Entries shown →

= = = =

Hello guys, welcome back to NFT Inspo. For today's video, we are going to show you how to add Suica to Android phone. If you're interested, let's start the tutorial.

= = = =

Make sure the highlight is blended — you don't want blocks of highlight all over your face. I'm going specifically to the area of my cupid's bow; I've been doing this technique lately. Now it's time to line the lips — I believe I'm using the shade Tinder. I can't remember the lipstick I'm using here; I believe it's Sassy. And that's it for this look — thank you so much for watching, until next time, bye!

= = = =

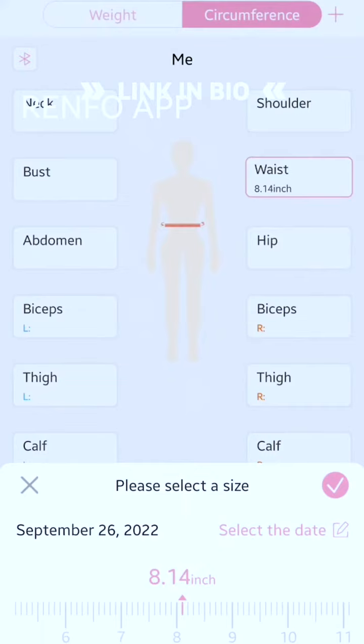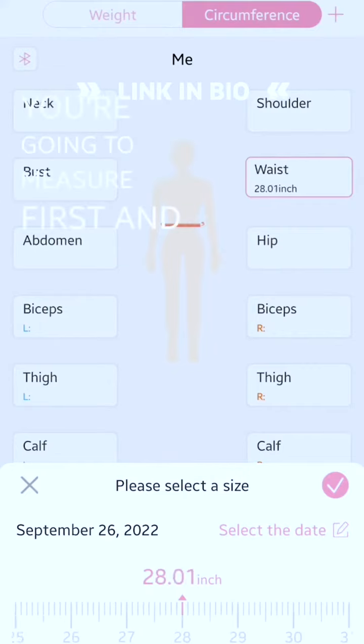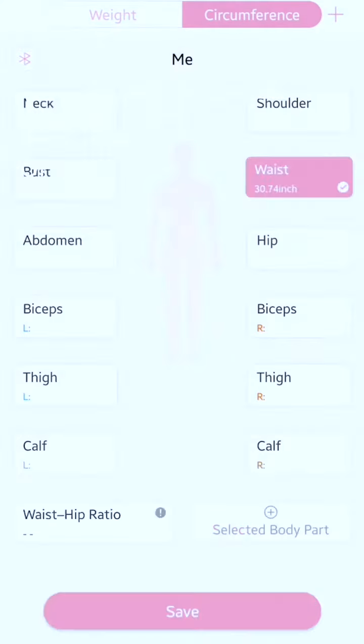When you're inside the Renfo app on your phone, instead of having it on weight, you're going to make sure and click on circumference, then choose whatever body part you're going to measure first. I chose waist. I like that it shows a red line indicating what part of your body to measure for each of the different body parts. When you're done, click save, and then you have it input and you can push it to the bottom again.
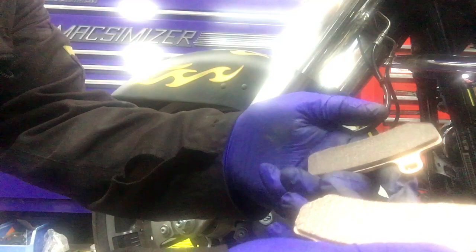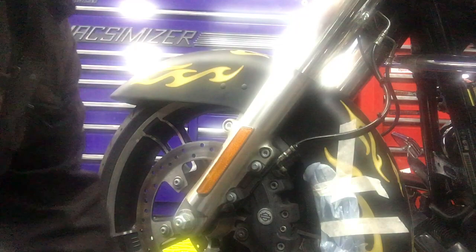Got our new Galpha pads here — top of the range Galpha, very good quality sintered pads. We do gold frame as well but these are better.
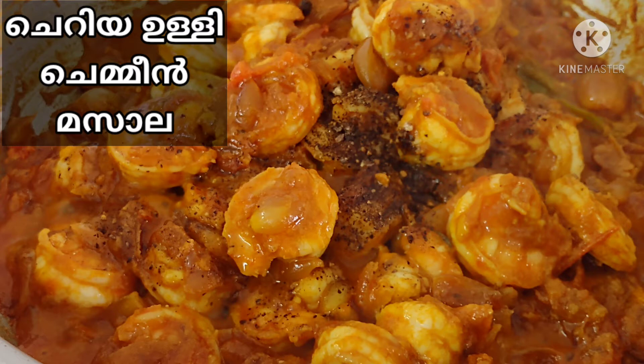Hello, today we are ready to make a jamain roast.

= = = =

Problem statement → Everything between and including the line above containing "When you're inside" and the line containing "Hello, today we" should be reproduced exactly, with pictures excluded.

Result below →
When you're inside the Renfo app on your phone, instead of having it on weight, you're going to make sure and click on circumference, then choose whatever body part you're going to measure first. I chose waist. I like that it shows a red line indicating what part of your body to measure for each of the different body parts. When you're done, click save, and then you have it input and you can push it to the bottom again.
Got our new Galpha pads here — top of the range Galpha, very good quality sintered pads. We do gold frame as well but these are better.
Hello, today we are ready to make a jamain roast.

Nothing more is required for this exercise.